CEGUEIRA
O sol emoldurava a manhã daquele dia. Era fim de outono, e aquele friozinho animava a manhã que começara com uma alegria plena da natureza. Eduardo descia a rua de sua casa rumo ao trabalho. Uma flor caía de uma árvore como sempre acontece em todos os outonos. Ele descia em passos firmes, pois o sono da noite havia sido pesado, e a cama quente era um convite a dela não sair. Mas, o dever é algo mais importante. Encontra pelo seu caminho as pessoas de todo dia, sempre indo para os mesmos lugares, nas mesmas direções, sempre apressados. São rostos que se cruzam apenas. Não há sorrisos, não há lágrimas, não há expectativas. Somente cumprem sua jornada diária, seus afazeres e suas preocupações cotidianas.
Afora, a natureza oferece um lindo espetáculo visível apenas àquelas que se atém à vida e à beleza da criação à sua volta. Poucos. Vemos e não notamos nada. Olhos apressados, e lá se vão mulheres com seus filhos de colo, homens e mulheres em busca do seu salário mensal. Eduardo é apenas mais um em meio a tantos outros, que passam pelas ruas, com olhos fixos no caminho diário de casa para o trabalho. Todos têm uma vista parcial, incomodada pelos trabalhos tantos e pelas obrigações inúmeras. Eduardo não vê os pássaros que fazem festa despreocupados, nem as nuvens que brincam de variadas formas no céu. A humanidade está se tornando uma plateia apática ao espetáculo da vida. O tempo nos consome e nos consumimos no tempo perdido da vida. Quando nos damos conta, já aparecem as primeiras rugas, os cabelos brancos e a vista já não mais enxerga a beleza do que está à nossa volta.
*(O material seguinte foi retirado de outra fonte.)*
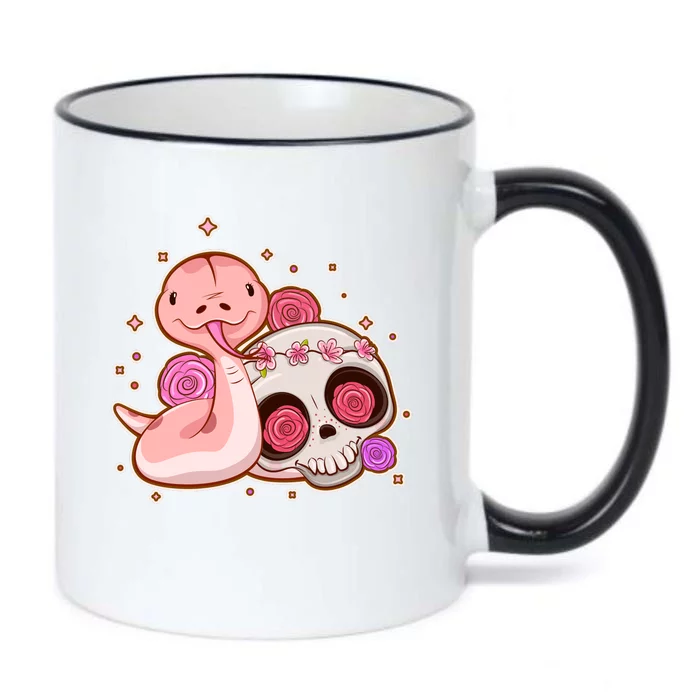 Funny Cute Snake and Flower Skull Black Color Changing Mug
Há tanto o que ver, há tanto o que sentir. Cheiros, perfumes, flores, montanhas, águas, caminhos... Cegamos a nós mesmos na indiferença à vida. Ainda há os que se cegam para os humanos. Somos incapazes de ver as pessoas à nossa volta, seus sofrimentos e dores, angústias e temores. Fechamo-nos em nossas casas, no nosso individualismo. Fechamos os olhos às maravilhas criadas por Deus.
Eduardo feriu-se no trabalho. Sua perna direita quebrou-se e ele fez seu retiro em casa. Da janela ele observa a árvores que ontem permitira a queda de uma flor. Outras estão caindo. Eduardo vê as nuvens e imagina animais, brincadeiras e sonhos. Seus filhos estão em casa e fazem um barulho agradável. Ele precisou de um motivo realmente forte o suficiente para ver. A cegueira da alma atinge a humanidade como nunca. Às vezes é mesmo melhor não ver, é cômodo não ver. Mas é injusto: com Deus, em não admirar a maravilha por Ele criada, e com o outro, em não enxerga-lo na sua dignidade humana.
Eduardo viu, naquele mês de deserto interior. Via porque aceitava ver, quis ver. Desligou-se de seus caminhos, de sua TV, de seu computador (maiores causas de cegueira) e de tudo o que distrai. Ficava ele na janela a observar todos os que ele encontra pelo caminho diário. Percebeu a beleza da vida nas coisas mais simples. Enxergou rostos, sorrisos, preocupações estampadas na face e viu a natureza com todo seu encantamento.
Um mês depois, Eduardo desce a rua rumo ao trabalho. Novamente refaz o mesmo percurso, encontra tudo como sempre foi. Ele segue seu caminho diário. Novamente cego.